*** Opening of PROVIDED DATA ***

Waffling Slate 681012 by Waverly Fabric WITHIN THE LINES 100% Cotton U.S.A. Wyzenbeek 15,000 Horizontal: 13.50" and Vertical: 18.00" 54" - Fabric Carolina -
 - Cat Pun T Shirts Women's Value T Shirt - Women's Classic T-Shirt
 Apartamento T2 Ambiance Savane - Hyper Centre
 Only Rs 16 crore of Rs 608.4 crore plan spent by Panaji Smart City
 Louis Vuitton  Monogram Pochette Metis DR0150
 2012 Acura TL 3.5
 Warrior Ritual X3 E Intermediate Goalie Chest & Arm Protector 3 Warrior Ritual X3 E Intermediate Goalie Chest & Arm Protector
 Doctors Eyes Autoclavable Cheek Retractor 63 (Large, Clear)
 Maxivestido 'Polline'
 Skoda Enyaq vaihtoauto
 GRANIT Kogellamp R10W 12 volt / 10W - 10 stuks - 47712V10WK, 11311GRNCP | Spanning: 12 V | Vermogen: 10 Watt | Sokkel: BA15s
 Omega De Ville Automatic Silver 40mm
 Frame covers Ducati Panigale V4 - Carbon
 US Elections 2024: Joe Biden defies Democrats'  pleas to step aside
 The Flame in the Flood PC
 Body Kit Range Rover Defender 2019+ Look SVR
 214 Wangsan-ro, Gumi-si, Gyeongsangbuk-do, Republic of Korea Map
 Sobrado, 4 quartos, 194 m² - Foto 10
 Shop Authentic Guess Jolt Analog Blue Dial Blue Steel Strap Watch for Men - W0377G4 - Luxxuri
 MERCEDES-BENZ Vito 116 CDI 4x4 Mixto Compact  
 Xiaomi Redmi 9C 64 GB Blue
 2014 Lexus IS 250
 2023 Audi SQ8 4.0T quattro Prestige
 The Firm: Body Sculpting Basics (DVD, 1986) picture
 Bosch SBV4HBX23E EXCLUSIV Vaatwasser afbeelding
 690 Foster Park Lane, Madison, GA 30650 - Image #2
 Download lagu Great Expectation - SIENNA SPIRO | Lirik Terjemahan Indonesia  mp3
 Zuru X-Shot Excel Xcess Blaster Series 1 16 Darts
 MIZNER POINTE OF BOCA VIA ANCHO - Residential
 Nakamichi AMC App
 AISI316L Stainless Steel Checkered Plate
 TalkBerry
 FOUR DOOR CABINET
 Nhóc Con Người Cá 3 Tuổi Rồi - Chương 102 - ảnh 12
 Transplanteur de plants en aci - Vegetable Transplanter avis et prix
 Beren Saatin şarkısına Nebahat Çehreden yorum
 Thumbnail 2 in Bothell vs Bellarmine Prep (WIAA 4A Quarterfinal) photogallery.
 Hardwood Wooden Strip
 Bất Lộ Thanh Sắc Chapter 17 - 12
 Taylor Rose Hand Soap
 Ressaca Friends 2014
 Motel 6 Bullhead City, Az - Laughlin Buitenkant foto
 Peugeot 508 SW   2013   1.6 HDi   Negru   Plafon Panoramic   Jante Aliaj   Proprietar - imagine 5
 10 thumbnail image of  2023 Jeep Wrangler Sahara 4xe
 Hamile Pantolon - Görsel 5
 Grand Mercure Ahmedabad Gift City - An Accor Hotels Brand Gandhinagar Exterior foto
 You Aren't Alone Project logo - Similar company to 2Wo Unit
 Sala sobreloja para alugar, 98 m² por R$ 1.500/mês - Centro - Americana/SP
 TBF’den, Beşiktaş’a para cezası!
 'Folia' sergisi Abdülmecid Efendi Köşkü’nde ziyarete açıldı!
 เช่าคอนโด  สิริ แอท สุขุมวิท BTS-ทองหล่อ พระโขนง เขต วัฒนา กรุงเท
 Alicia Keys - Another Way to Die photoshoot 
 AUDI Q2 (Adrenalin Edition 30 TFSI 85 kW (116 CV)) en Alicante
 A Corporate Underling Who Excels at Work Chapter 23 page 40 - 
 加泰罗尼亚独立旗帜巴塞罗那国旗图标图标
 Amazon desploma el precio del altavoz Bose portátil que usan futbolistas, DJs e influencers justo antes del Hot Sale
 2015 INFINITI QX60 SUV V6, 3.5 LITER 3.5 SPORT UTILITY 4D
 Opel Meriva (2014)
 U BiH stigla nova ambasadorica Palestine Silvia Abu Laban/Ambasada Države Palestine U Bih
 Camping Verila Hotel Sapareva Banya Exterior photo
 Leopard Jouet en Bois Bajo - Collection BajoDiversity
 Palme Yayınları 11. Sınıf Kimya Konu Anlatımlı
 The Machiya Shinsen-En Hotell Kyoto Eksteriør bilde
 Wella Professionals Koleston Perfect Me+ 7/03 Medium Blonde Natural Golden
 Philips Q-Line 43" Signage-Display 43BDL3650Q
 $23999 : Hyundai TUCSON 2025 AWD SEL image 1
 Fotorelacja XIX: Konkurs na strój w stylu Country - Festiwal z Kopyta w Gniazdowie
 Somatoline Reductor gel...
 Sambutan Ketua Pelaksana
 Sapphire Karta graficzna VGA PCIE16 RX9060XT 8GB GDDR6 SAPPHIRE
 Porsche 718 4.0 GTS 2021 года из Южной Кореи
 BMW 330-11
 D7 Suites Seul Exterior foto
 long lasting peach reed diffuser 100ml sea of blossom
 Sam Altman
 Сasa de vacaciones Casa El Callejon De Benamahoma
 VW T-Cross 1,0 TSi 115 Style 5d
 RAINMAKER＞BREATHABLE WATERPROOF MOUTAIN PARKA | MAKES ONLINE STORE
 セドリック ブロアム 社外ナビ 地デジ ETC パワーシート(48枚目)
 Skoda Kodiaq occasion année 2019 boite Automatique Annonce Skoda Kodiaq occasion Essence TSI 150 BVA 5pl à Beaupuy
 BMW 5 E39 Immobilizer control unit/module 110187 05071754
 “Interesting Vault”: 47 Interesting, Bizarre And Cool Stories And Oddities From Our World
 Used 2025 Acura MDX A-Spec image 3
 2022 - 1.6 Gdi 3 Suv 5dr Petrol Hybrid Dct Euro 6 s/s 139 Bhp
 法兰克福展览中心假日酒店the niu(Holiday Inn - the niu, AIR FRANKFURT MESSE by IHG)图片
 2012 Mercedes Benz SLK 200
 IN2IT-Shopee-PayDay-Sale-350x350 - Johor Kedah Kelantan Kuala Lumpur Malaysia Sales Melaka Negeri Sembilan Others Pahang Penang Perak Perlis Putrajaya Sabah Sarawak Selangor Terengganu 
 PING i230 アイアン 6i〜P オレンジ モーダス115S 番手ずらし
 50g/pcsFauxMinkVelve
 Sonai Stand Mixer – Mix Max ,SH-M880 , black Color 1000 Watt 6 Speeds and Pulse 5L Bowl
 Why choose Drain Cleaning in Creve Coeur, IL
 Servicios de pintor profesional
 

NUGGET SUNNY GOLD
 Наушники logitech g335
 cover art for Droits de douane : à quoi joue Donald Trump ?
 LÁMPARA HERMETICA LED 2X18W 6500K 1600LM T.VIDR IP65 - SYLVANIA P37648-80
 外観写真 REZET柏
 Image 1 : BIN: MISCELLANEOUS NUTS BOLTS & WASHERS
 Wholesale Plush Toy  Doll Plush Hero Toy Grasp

*** Close of PROVIDED DATA ***

Everything from the line with "2022 - 1.6 Gdi" to the last line of the entries is to be written out exactly; omit all earlier lines.

→ **ANSWER TO THIS TASK**:
 2022 - 1.6 Gdi 3 Suv 5dr Petrol Hybrid Dct Euro 6 s/s 139 Bhp
 法兰克福展览中心假日酒店the niu(Holiday Inn - the niu, AIR FRANKFURT MESSE by IHG)图片
 2012 Mercedes Benz SLK 200
 IN2IT-Shopee-PayDay-Sale-350x350 - Johor Kedah Kelantan Kuala Lumpur Malaysia Sales Melaka Negeri Sembilan Others Pahang Penang Perak Perlis Putrajaya Sabah Sarawak Selangor Terengganu 
 PING i230 アイアン 6i〜P オレンジ モーダス115S 番手ずらし
 50g/pcsFauxMinkVelve
 Sonai Stand Mixer – Mix Max ,SH-M880 , black Color 1000 Watt 6 Speeds and Pulse 5L Bowl
 Why choose Drain Cleaning in Creve Coeur, IL
 Servicios de pintor profesional
 

NUGGET SUNNY GOLD
 Наушники logitech g335
 cover art for Droits de douane : à quoi joue Donald Trump ?
 LÁMPARA HERMETICA LED 2X18W 6500K 1600LM T.VIDR IP65 - SYLVANIA P37648-80
 外観写真 REZET柏
 Image 1 : BIN: MISCELLANEOUS NUTS BOLTS & WASHERS
 Wholesale Plush Toy  Doll Plush Hero Toy Grasp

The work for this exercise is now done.